START Dataset excerpts
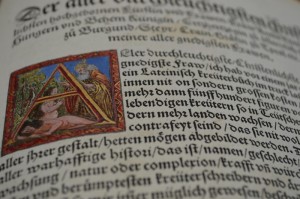 【2009年的疫情/2009年的疫情叫什么病毒】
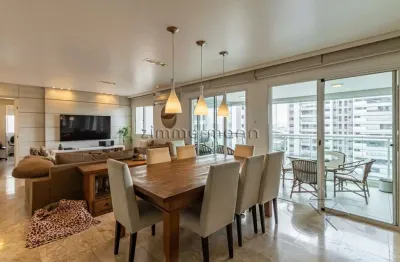 Apartamento com 3 quartos à venda na rua carlos weber, --, vila leopoldina, são paulo, 117 m2 por r$ 1.900.000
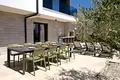 Willa 4 pokoi 155 m² Porec, Chorwacja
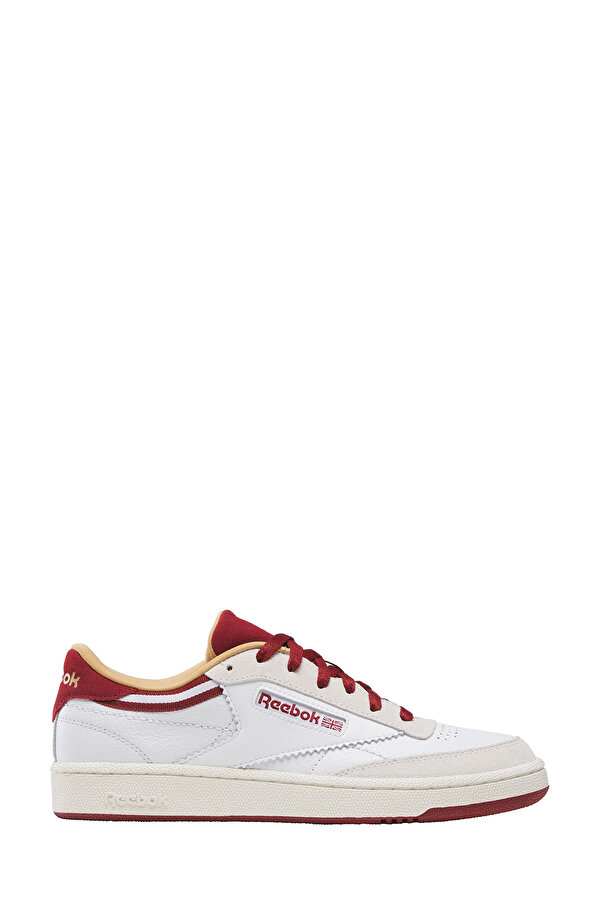 REEBOK CLUB C 85 Sneakers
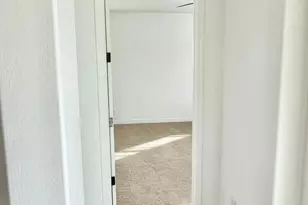 3199 E Mahogany Pl, Chandler, AZ 85249 - Photo 18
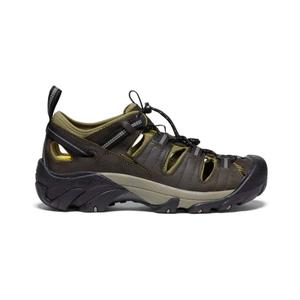 1027139-sandales-de-randonnee-keen-arroyo-ii-black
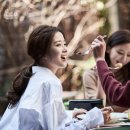 남구-055 네이버블로그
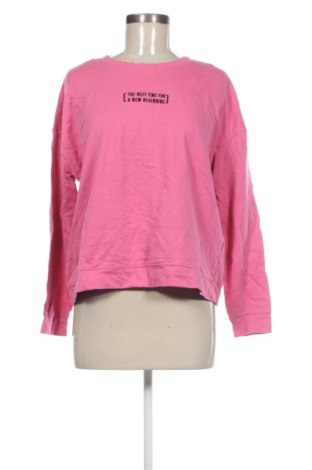 Damen Shirt Oviesse, Größe XL, Farbe Rosa, Preis € 12,99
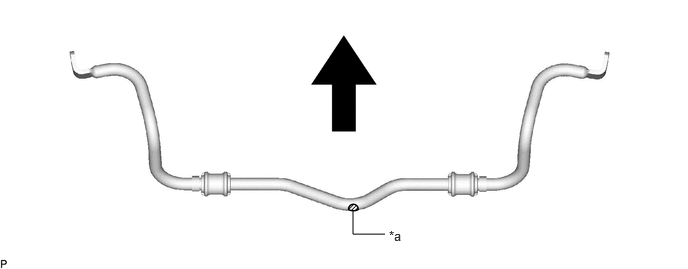 C403169C03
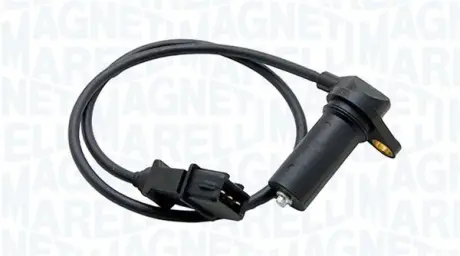 MAGNETI MARELLI AUDI датчик обертів двигуна A4 1.9TDI Magneti Marelli 064848142010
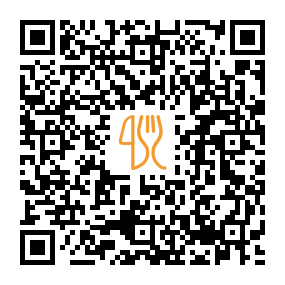 QR-kod till menyn för Vildmarks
END Dataset excerpts
What needs to be done >>
Retype, exactly and only, the lines from the one containing "Apartamento com 3" through the end of the entries, both ends included, and omit all pictures.

Result of the task >>
 Apartamento com 3 quartos à venda na rua carlos weber, --, vila leopoldina, são paulo, 117 m2 por r$ 1.900.000
 Willa 4 pokoi 155 m² Porec, Chorwacja
 REEBOK CLUB C 85 Sneakers
 3199 E Mahogany Pl, Chandler, AZ 85249 - Photo 18
 1027139-sandales-de-randonnee-keen-arroyo-ii-black
 남구-055 네이버블로그
 Damen Shirt Oviesse, Größe XL, Farbe Rosa, Preis € 12,99
 C403169C03
 MAGNETI MARELLI AUDI датчик обертів двигуна A4 1.9TDI Magneti Marelli 064848142010
 QR-kod till menyn för Vildmarks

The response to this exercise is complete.